The reasons for the decline of the doctors’ lounge are not difficult to fathom. Physician workloads are growing from year to year. They are expected to see more patients in shorter periods of time, electronic paperwork has become more onerous than ever, and the sheer complexity of medical practice is always increasing. As the intensity and length of the workday increases, time for non-urgent interaction inevitably gets crowded out.
While hospital administrative staff members want to provide a hospitable environment for their medical staff, on whom they rely for patient referrals and admissions, the site of large numbers of physicians congregating on a daily basis can also engender anxiety. This is particularly true at a time when hospitals are trying to assume more control over how physicians practice medicine.
Likewise, the managers of medical practices might be happy to see the doctors’ lounge fade. A manager monitoring what once transpired within its walls might conclude that it was a large productivity sink, a place where physicians who should be seeing patients, prescribing medicines, and performing procedures were instead engaged in idle conversation. By eliminating the spaces in which such wasteful interactions occur, they might suppose, medical productivity could be boosted.
But such an attitude betrays a superficial understanding of the role of the doctors’ lounge. One of the reasons many people, including physicians, enjoy their work is the collegiality it affords.
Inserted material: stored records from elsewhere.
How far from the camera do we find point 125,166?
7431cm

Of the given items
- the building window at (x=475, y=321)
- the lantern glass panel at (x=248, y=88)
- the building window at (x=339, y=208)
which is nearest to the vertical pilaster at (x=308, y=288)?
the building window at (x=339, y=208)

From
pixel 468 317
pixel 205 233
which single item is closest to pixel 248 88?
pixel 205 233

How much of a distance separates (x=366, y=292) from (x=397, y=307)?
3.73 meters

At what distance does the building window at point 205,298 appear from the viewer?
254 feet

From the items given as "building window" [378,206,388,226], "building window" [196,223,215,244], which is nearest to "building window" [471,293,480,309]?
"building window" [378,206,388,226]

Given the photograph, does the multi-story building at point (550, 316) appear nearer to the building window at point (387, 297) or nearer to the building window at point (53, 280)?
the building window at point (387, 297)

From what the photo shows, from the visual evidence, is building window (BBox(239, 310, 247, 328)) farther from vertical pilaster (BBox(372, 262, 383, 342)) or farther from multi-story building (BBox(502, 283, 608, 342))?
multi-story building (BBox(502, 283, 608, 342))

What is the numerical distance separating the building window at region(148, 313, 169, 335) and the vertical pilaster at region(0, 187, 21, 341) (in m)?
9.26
From a psychological point of view, work is not just churning out widgets like a robot on an assembly line. It is also a matter of affiliation, of building relationships with colleagues, and of sharing professional and personal experiences.
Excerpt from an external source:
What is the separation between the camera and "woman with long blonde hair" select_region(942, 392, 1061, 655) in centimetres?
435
The loss of such opportunities is one important though largely unrecognized contributor to the high rates of dissatisfaction and burnout among physicians today. Without a place in which to interact regularly with colleagues across specialties, the medical profession increasingly resembles a collection of silos. Under such conditions, competition can degenerate into turf wars and collegiality can melt into distrust and even antagonism. There is no substitute for face-to-face interaction.
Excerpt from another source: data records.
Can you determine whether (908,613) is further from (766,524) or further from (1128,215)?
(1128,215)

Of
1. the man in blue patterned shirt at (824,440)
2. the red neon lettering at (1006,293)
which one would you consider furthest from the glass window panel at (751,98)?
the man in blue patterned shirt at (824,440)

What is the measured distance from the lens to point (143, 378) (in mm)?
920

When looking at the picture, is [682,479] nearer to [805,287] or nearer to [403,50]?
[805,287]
As different medical specialties and physician groups interact less, physicians are less likely to see colleagues. Those they do see are likely to be much like themselves. This clustering of physicians decreases the frequency and diversity of physician-physician interactions. And this degradation of physician-physician interaction contributes to discontinuities in patient care and decreases the rate at which physicians gain new insights and produce new innovations.
Medicine needs to catch up with other organizations that have recognized the importance of promoting interdisciplinary interaction. Some of Silicon Valley’s most forward-thinking companies have gone out of their way to design environments where their staff members interact across such boundaries. For example, the volleyball pits that some companies have installed cut across departmental lines, promoting interactions between people who might otherwise never venture beyond their own silos.
If I were a patient choosing a hospital, I would want to know if it had a lively doctors’ lounge. Is it simply a bunch of doctors being alone together, or is it marked by fruitful conversations? If the doctor’s lounge were buzzing, I would take comfort from knowing that the medical staff is probably relatively vibrant, cohesive, and capable of providing better care.